EXERCISE DATA
-=-=-
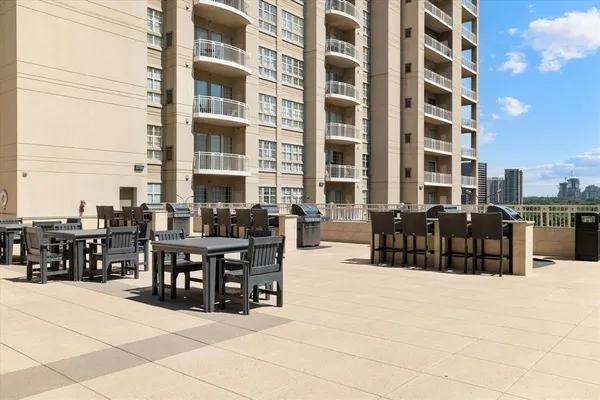 a outdoor space with lots of tables a garden and chairs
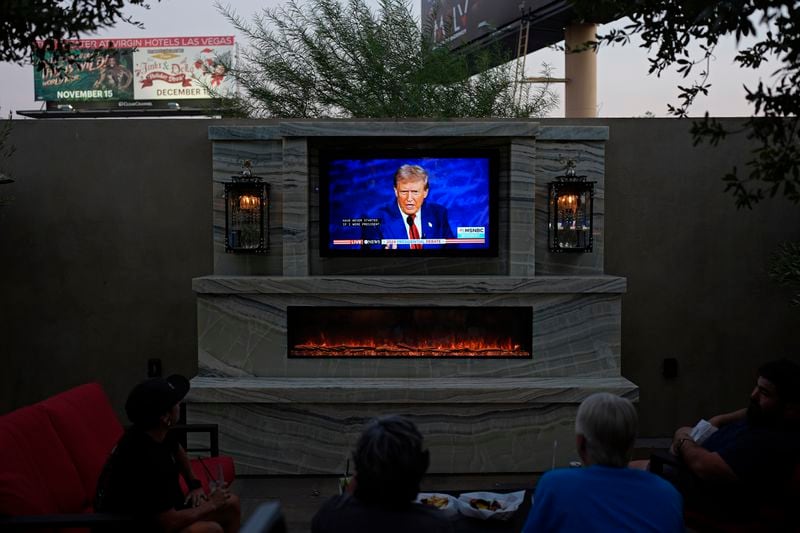 People watch the presidential debate between Republican presidential nominee former President Donald Trump and Democratic presidential nominee Vice President Kamala Harris, Tuesday, Sept. 10, 2024, at the Gipsy Las Vegas in Las Vegas. (AP Photo/John Locher)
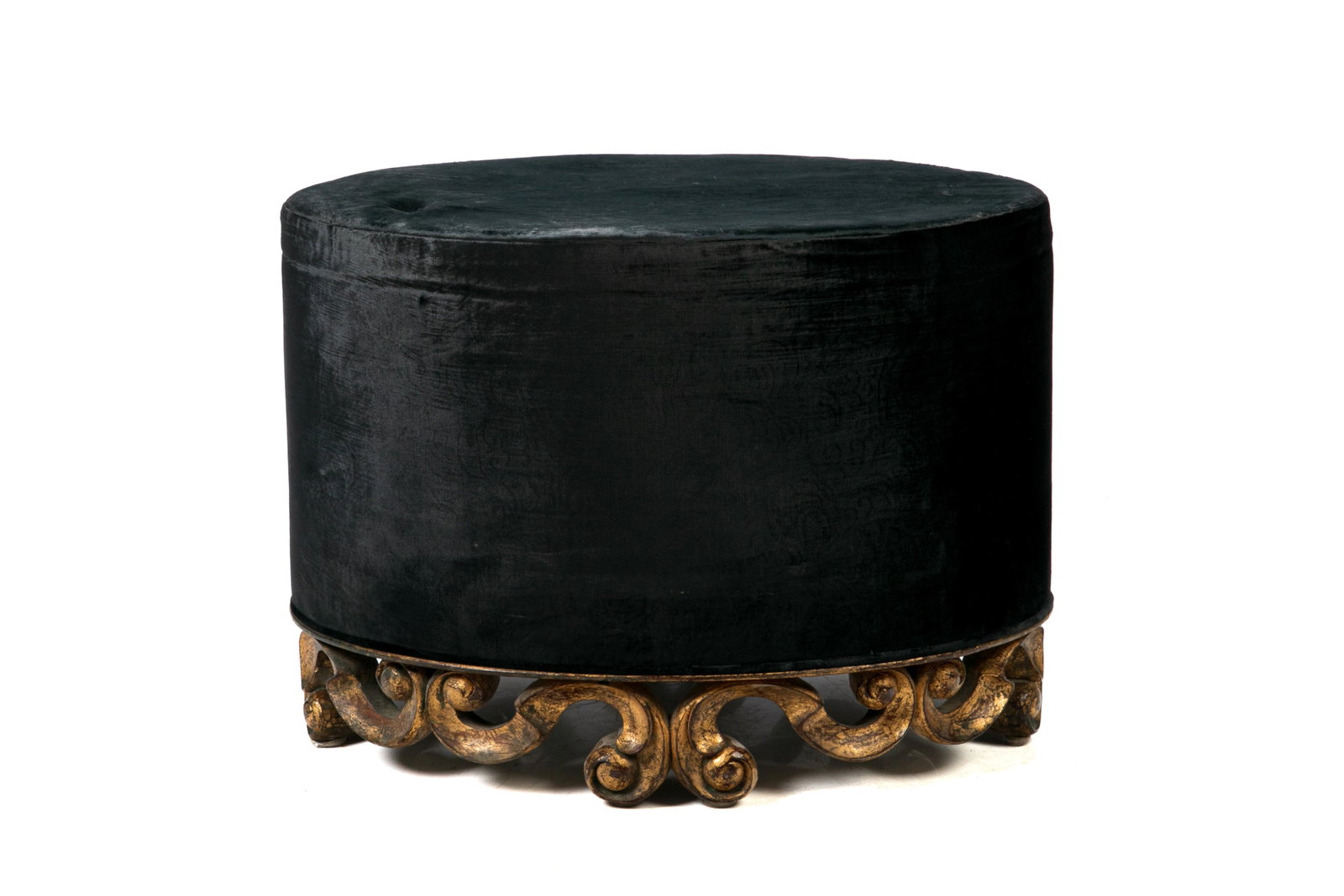DECORATIVE UPHOLSTERED OTTOMAN: Black velvet, with gilt wood base. H. 17 1/2", W. 24 1/4", D. 16 1/2".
-=-=-
INSTRUCTIONS FOR THE TASK
Retype the line containing "People watch the" and all lines after it to the end of the material, exactly as written, leaving out any pictures.

RESULT BELOW
 People watch the presidential debate between Republican presidential nominee former President Donald Trump and Democratic presidential nominee Vice President Kamala Harris, Tuesday, Sept. 10, 2024, at the Gipsy Las Vegas in Las Vegas. (AP Photo/John Locher)
DECORATIVE UPHOLSTERED OTTOMAN: Black velvet, with gilt wood base. H. 17 1/2", W. 24 1/4", D. 16 1/2".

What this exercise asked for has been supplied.